The algorithm works as follows:

  • We start with a node called a basetree.
  • Keep doubling the tree until turning happens:
    • Choose a direction: forward (or right) or backward (or left).
    • Build a subtree (by following that direction) with the same depth = d as the current tree by recursion, where the base case of this recursion process is to build a node (or a subtree with depth = 0):
      1. Recursively build the first half (with depth = d - 1) of subtree.
      2. If the first half is turning, we stop. Otherwise, recursively build the second half with depth = d - 1.
      3. This subtree is turning if: the first half is turning, or the second half is turning, or the combined one is turning.
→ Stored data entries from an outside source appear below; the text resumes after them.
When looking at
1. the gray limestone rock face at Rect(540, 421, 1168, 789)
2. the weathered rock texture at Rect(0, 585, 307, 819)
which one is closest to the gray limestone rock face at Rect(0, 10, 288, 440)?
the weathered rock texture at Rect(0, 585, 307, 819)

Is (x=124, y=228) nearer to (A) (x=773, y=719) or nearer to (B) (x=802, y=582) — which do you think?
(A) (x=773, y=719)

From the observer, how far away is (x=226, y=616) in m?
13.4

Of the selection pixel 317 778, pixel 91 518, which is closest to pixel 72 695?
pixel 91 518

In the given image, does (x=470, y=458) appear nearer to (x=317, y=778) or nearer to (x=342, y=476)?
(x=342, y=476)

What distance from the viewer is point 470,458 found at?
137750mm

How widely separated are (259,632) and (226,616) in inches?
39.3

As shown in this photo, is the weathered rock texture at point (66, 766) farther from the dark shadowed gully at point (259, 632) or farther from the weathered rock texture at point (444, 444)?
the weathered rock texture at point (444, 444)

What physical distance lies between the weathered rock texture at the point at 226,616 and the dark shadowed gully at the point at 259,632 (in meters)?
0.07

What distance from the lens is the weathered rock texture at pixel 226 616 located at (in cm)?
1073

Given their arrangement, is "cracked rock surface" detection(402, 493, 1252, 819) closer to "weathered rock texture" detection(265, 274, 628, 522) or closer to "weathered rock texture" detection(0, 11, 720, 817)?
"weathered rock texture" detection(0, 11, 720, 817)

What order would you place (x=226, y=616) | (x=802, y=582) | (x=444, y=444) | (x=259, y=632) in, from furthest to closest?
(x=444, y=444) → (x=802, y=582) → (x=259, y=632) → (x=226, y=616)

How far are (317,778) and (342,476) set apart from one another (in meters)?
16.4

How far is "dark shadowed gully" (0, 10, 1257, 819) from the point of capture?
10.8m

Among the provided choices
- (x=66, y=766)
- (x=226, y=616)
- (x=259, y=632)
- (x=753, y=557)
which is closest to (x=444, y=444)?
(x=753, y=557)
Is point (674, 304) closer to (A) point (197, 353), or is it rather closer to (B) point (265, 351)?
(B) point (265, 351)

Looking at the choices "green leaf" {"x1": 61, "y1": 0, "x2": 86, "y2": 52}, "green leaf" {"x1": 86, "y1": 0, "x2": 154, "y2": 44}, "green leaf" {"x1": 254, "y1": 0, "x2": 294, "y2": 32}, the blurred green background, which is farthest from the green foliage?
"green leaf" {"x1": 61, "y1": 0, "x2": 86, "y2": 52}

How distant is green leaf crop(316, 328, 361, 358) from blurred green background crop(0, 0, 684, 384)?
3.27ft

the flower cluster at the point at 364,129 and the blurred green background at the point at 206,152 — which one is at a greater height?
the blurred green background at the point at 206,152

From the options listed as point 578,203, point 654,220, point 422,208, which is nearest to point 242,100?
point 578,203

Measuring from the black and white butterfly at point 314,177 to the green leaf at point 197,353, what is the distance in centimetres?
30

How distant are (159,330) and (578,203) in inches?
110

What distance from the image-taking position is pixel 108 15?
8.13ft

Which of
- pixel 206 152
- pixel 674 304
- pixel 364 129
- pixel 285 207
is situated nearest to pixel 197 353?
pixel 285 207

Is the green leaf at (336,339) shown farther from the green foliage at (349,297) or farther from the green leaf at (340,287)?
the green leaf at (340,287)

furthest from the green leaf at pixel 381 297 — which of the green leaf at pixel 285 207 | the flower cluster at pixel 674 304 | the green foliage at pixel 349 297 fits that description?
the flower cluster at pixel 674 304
By using recursion together with a neat transition kernel (which governs the probability to accept a proposal from the build process, see more at section A.3 of reference 2) from authors of NUTS, the memory requirement is O(d), where d is the depth of subtree. This is very effective given that to build that subtree, we have moved by 2^d steps.

Iterative NUTS

In this section, we will illustrate how to build a subtree with depth 4 iteratively (instead of using recursion as above). This means we want to construct 16 nodes (numbered from 0 -> 15) for the tree. Instead of recursively build subtrees 0 -> 7 and 8 -> 15, we iteratively go straight from 0 to 15 but will stop when turning condition happens. The trickiest parts are:

  1. Decide a stopping condition which is equivalent to the recursive algorithm,
  2. Maintain the memory effectiveness of the recursion.
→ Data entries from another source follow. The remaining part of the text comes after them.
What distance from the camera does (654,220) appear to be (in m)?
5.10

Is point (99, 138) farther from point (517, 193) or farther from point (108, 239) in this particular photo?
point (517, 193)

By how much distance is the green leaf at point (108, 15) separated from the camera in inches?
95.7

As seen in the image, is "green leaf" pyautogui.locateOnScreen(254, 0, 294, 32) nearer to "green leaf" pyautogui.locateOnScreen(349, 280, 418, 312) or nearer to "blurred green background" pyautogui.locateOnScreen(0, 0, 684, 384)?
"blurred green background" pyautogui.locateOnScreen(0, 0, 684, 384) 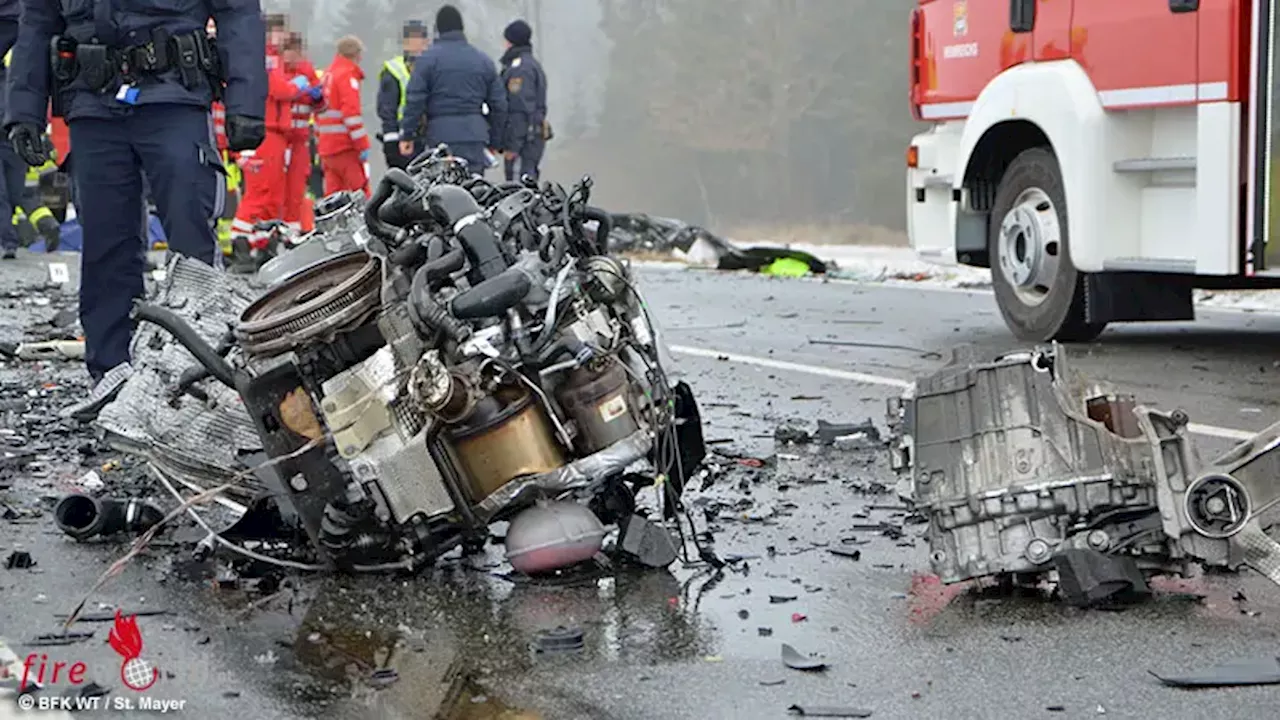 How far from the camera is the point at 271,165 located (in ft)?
52.0

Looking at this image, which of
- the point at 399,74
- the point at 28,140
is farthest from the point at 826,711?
the point at 399,74

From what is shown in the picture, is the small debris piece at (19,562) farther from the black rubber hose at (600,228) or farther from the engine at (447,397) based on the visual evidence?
the black rubber hose at (600,228)

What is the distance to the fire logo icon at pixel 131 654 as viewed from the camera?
11.9 feet

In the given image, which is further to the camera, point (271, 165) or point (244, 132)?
point (271, 165)

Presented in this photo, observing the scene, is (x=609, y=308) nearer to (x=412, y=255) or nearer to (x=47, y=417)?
(x=412, y=255)

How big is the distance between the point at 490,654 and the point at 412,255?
1171 millimetres

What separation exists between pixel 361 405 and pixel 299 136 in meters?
12.3

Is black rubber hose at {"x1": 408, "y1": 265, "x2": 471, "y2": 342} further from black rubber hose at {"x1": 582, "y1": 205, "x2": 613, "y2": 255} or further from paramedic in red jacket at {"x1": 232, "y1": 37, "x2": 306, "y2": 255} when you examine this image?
paramedic in red jacket at {"x1": 232, "y1": 37, "x2": 306, "y2": 255}

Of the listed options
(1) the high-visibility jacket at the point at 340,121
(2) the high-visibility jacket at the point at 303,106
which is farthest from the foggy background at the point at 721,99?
(2) the high-visibility jacket at the point at 303,106

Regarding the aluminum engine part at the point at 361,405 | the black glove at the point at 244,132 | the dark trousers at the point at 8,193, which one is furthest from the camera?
the dark trousers at the point at 8,193

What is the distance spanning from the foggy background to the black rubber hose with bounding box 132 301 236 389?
746 inches

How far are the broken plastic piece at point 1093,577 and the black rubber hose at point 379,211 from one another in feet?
6.13

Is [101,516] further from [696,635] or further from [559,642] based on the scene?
[696,635]

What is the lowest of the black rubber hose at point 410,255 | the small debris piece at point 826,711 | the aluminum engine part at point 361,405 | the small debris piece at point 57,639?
the small debris piece at point 826,711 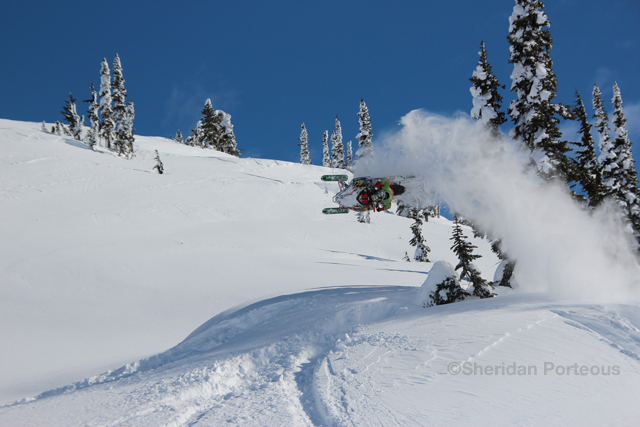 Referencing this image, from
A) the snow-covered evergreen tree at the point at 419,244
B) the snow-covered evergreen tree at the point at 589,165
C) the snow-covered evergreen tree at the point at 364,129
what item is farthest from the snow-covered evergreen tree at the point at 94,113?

For example, at node 3, we need to check the turning conditions for the following trees: 0 -> 3, 2 -> 3. At node 7, we check the turning conditions for the following trees: 0 -> 7, 4 -> 7, 6 -> 7. At node 12, we don't need to check the turning condition. But at node 13, we need to check the turning condition of the tree 12->13. It is helpful to draw the binary tree and track down the process.

subtree

The first case requires to store information at nodes 0, 2. The second case requires to store information at nodes 0, 4, 6. The forth case requires to store information at node 12. The number of nodes which we need to store will dynamically change when we move. But the maximum number will be 4, which is the depth of the subtree we need to build. This maximum is attained at node 15, where we need to check the turning conditions for trees: 0 -> 15, 8 -> 15, 12 -> 15, 14 -> 15.

First, we create a storage R[4] to store information. Then, the whole process works as follows

  • Step 0: R[0] = node_0
  • Step 1: check turning condition of R[0] (or node_0) and node_1
  • Step 2: R[1] = node_2
  • Step 3: check turning condition of R[0] and node_3, R[1] and node_3
  • Step 4: R[1] = node_4 (we update at index 1 because node_2 is no longer needed for further process)
  • Step 5: check turning condition of R[1] and node_5 (though it is reasonable, we won't check turning condition of R[0] and node_5; the reason is to to make it equivalent to recursive algorithm)
  • Step 6: R[2] = node_6
  • Step 7: check turning condition of R[0] and node_7, R[1] and node_7, R[2] and node_7
  • Step 8: R[1] = node_8
  • Step 9: check turning condition of R[1] and node_9
  • Step 10: R[2] = node_10
  • Step 11: check turning condition of R[1] and node_11, R[2] and node_11
  • Step 12: R[2] = node_12
  • Step 13: check turning condition of R[2] and node_13
  • Step 14: R[3] = node_14
  • Step 15: check turning condition of R[0] and node_15, R[1] and node_15, R[2] and node_15, R[3] and node_15

In summary, at even steps, we update the storage and at odd steps, we verify the turning conditions. If the turning conditions are matched, we stop. Otherwise, we go to the next step.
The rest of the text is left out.